# TO DO:
Retype, exactly and with both ends included, the lines below from the one containing "Lernfit – digitale" through the end; omit the pictures.

# DATASET EXCERPT:
------------------------------------------------
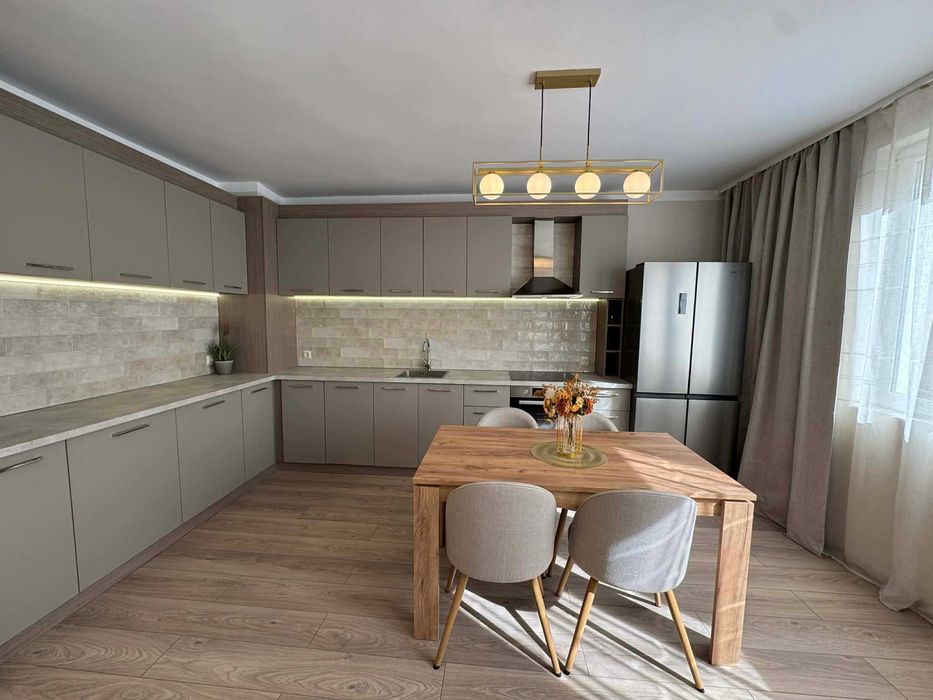 Продава се Двустаен апартамент в Велико Търново, Център - 78 кв.м за 967 €/кв.м - Снимка #16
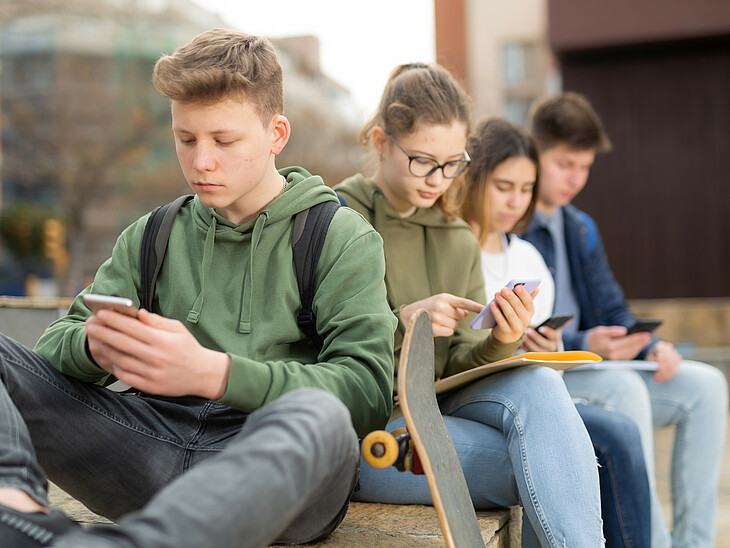 Lernfit – digitale Medien – LernQuadrat Nachhilfe Eine Gruppe Jugendlicher am Handy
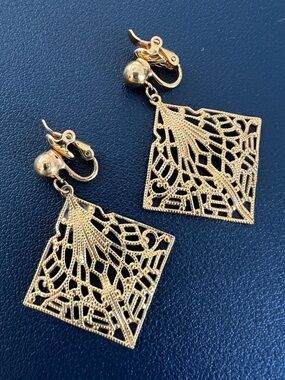 Trifari TM Gold Tone Open Filigree Diamond-Shape Drop Dangle Clip on Earrings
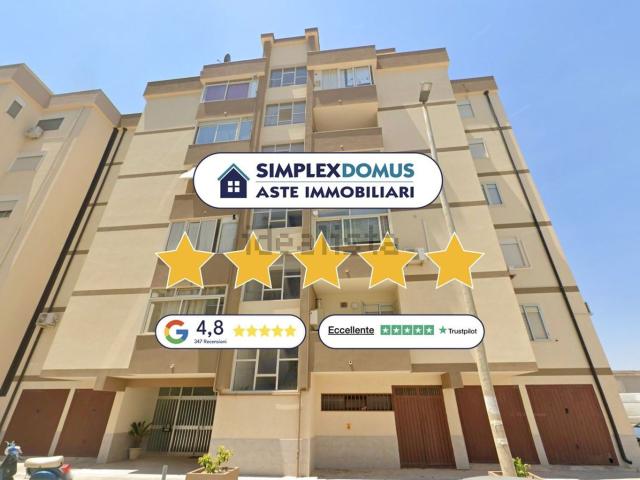 Appartamento in vendita di 146 m² in Via Giuseppe Fava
------------------------------------------------
# OUTPUT FOR THIS TASK:
 Lernfit – digitale Medien – LernQuadrat Nachhilfe Eine Gruppe Jugendlicher am Handy
 Trifari TM Gold Tone Open Filigree Diamond-Shape Drop Dangle Clip on Earrings
 Appartamento in vendita di 146 m² in Via Giuseppe Fava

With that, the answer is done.